“I’ve heard that the Town is expanding its water system. Is this true?”
Yes. The Town routinely expands its water system with the construction of water lines. The most recent proposed project involves the construction of a water line along Clark’s Chapel Road and Ollie WeaverRoad in order to provide for redundancy and improve water quality within the system.
“Why does the Town need to expand its water system?”
Water system infrastructure projects require long-term planning. In fact, the N.C. Department of Environmental Quality (DEQ) requires the Town to be actively planning for an expansion at the point that water usage reaches 80% of capacity and taking action to expand the capacity of the water treatment plant at the point that the plant reaches 90% capacity. As of September 2018, the Town is at approximately 70% capacity, including actual usage and commitments, and routinely receives new water commitment applications.
“Is the Ivy River sufficient as a water resource?”
Yes. DEQ has determined that the Ivy River can support up to a 4.0 million gallon per day safe withdrawal by the Town and has permitted that amount of water.
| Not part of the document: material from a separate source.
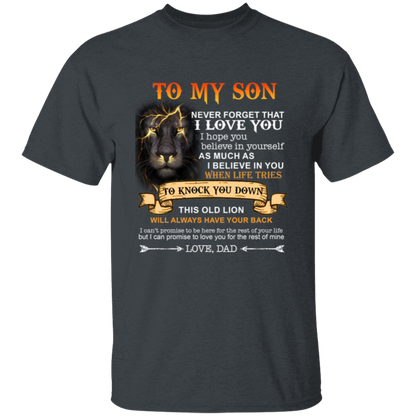 To My Son | T-Shirt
“What amount of water can the Town’s water treatment plant currently process?”
1.5 million gallons per day of the 4.0 million permitted.
“Can the water treatment plant be expanded?”
Yes. The water treatment plant was designed and built to be expanded as the system and its customer base grows. A DEQ permit is in place to allow an expansion of up to 4.0 million gallons per day of withdrawal, which will allow the doubling of the current plant capacity.
“Why doesn’t the Town buy water from the City of Asheville instead of expanding its system?”
Town leaders are protective of the Town and its water needs and wish to make decisions independent of Asheville’s decisions regarding its water system. Purchasing water from Asheville would result in uncertain water charges, capacity and availability over the long-term.
“Do Town residents’ tax dollars go to support the water system?”
No. The water system is a public enterprise fund and must be self-supporting. This means that the water rates must be calculated to cover the operating expenses of the water system. General tax dollars are not used for operating expenses for the water system.
“How is new development paying into the existing water system?”
Water System Development Fees are assessed for all new development and represent a new water customer’s “buy-in” to the system. The amount is based on a recent study by an engineering firm and Town Council has elected to maximize these fees to closely align with that full “buy-in”cost.
In addition, developers are required to construct water lines at their own expense that are ultimately added to the Town’s water system infrastructure – thus saving the Town from the cost of constructing needed water lines.
“Are water rates the only revenues to support the water system expansion?”
No. In addition to water charges based on actual usage, other fees and charges include: system development fees, availability/commitment fees, and other fees as established by Town Council.
“How are water rates calculated?”
Water rates are set by Town Council each year with the adoption of its budget and annual fee schedule. In setting the water rates Town Council is guided by water rate studies that are performed periodically by engineering firms which look at the operational costs and anticipated revenues based on current and projected customers.
“Do Town residents pay the same water rates as those who live outside Town limits?”
No. The Town is allowed to charge different rates for out-of-town water customers. It has been a longstanding policy of the Town to charge out-of-town water customers double water rates.
“Why are existing water system customers paying for the water treatment plant expansion when developers are building outside the Town’s limits?”
An expansion of the water treatment plant is already necessary to meet the anticipated growth within the current Town limits. Offering water to outside customers helps to spread the capital and operating costs over a greater number of users which keeps the water rates more reasonable.
“Why should people who live in town limits have to pay for the waterline expansion?”
The current project for constructing a waterline west of the I-26 is primarily to provide a looped system to current in-town customers in the event a waterline fails. Looped systems also increase water quality within the whole water system.
“What would a water treatment plant expansion cost?”
If the Town goes forward with an expansion of the water treatment plant the capital project is expected to be around $6 million. This is in addition to the $3 million proposed for the construction of water lines along Clarks Chapel Road and Ollie Weaver Road.
“How much will my water rates increase if the water treatment plant is expanded?”
To maintain the fiscal health of the water system, it is expected that water rates will continue to be increased annually. The annual increase will likely be an average of 4% over each preceding year for the next 8 years.
“How would a water treatment plant expansion be paid for?”
In order to minimize the financial impact on water rates, this capital project would likely be financed with long-term revenue bonds.
“Who regulates the water system?”
North Carolina Department of Environmental Quality (DEQ) is the regulating authority for all public water systems. All operations and capital projects related to the water system are heavily regulated and monitored by this agency.